Woodcock and McMeekin said that the FDA continues to assess the agency’s ongoing efforts to execute regulatory oversight. One important measure is how the FDA has performed with respect to its performance commitments under user-fees programs. These statutory programs authorize the FDA to assess and collect fees from companies that produce certain medical products, including drugs and biological products. The FDA has generally committed to reviewing 90% of applications for specified drug and biological products within the timeframes that it has agreed to in user-fee negotiations with the industry. According to the FDA, an analysis of user-fee metrics across prescription drug and generic drug programs during the pandemic showed that the FDA has been able to take on-time actions to evaluate and close out drug applications more than 90% of the time, which meet its review program performance commitments.

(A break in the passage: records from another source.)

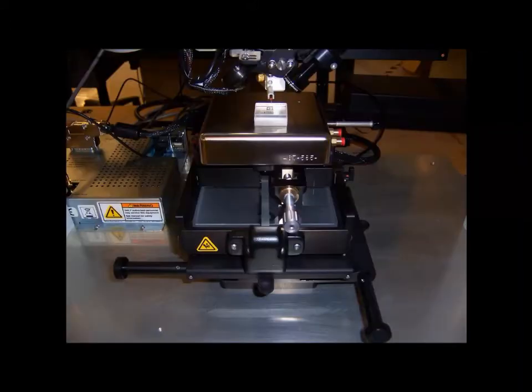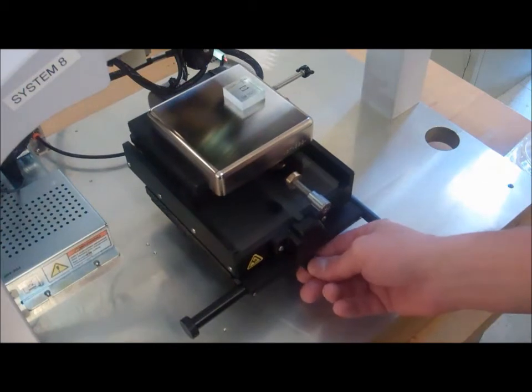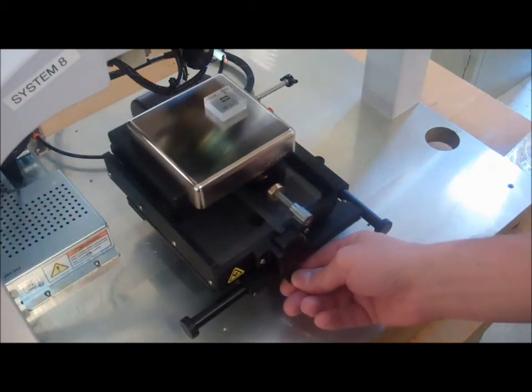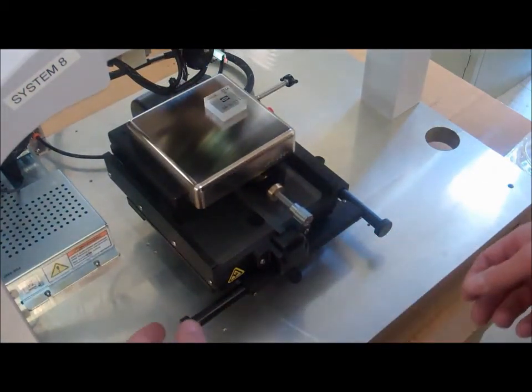The standard DECTAC XT configuration includes a 100 mm manual XY positioning stage. The clips allow for macro sample adjustment, while the knobs provide for finer adjustments.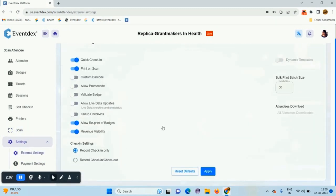These are the event external settings. You can enable, disable options through the toggles.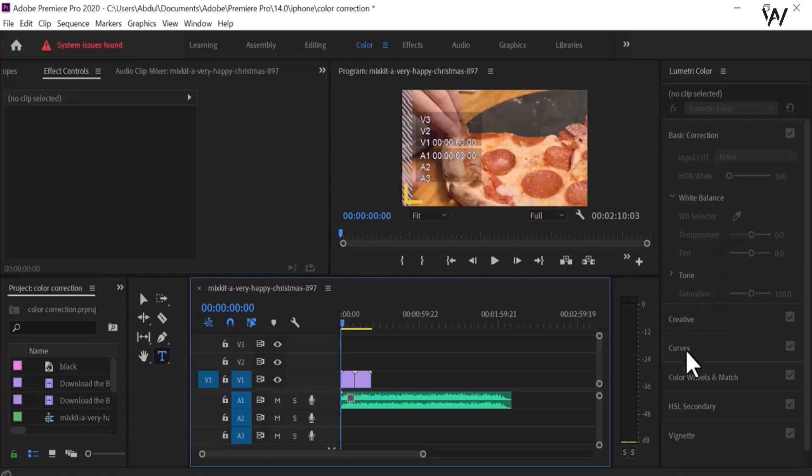These include exposure, contrast, highlights, shadows, whites, and blacks. Adjust these settings to balance the overall look of your footage.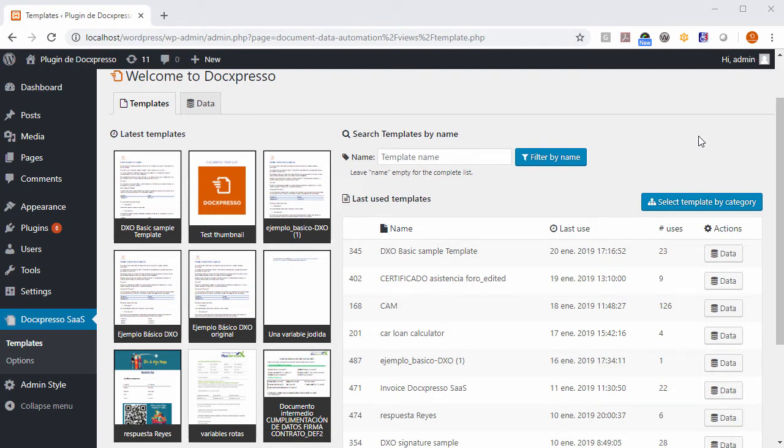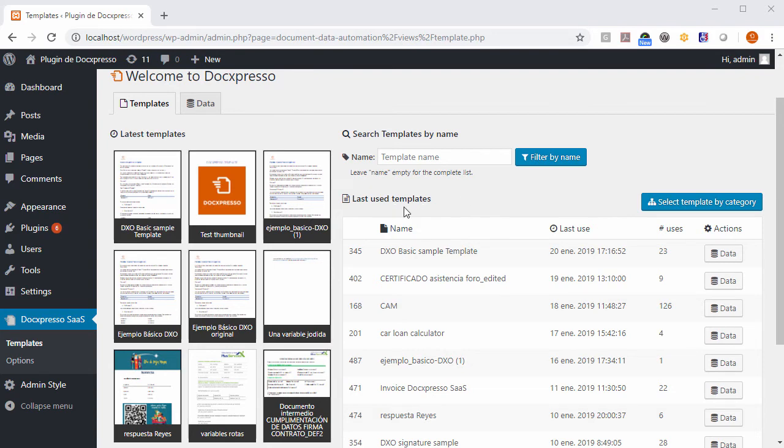You may choose the template in many different ways, among the latest templates, search by name, etc. But here we have a list of the last used templates, and let's click on this one.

The FDA continues to use a risk-based approach to identify the need for pre-approval inspections (PAIs), in which manufacturing facilities are inspected prior to the approval of new products (new drug applications or biologics license applications) and for generics (abbreviated new drug applications). While continuing to conduct mission-critical and prioritized inspections, due to practical constraints, such as travel limitations, quarantine and social distancing requirements, or lockdowns, the FDA has increasingly relied on alternative approaches to inspections. These approaches have included: (1) reviewing the inspection history of facilities to assess feasibility of relying on records or partner inspections; (2) using information shared by trusted foreign regulatory partners; and (3) requesting records directly from facilities in lieu of drug and biological product inspections. As a result of using these alternative approaches, the FDA’s Center for Drug Evaluation and Research (CDER) completed facility assessments to meet time targets under user-fee acts (Prescription Drug User Fee Act, Generic Drug User Fee Amendments, and Biosimilar User Fee Act) by reducing the need to conduct PAIs as follows: (1) 48% of the time in the third quarter of fiscal year (FY) 2020 (April 1 to June 30, 2020); (2) 60% of the time in the fourth quarter of FY 2020 (July 1 to September 30, 2020); and (3) 52% of the time in the first quarter of FY 2021 (October 1 to December 31, 2020).

What’s ahead

When the FDA will be able to resume normal inspection activity is still to be determined and is a function of the COVID-19 situation. “As we look to the future, the FDA will continue to leverage and maximize every available tool and resource to meet our inspectional responsibilities while achieving optimal public health outcomes,” said Woodcock and McMeekin in their March 18, 2021 blog post. “We will continue to study how to incorporate additional data sets and insights, and new technologies and tools for facility oversight, including the further use of remote interactive evaluations (e.g., remote livestreaming video of operations, teleconferences or screen sharing), and will work with industry to expand their use. In concert with these efforts, we are pursuing agency-wide preparedness efforts for resuming a more normal state of operations, which will factor in how best to address inspectional activities that were paused due to the pandemic.”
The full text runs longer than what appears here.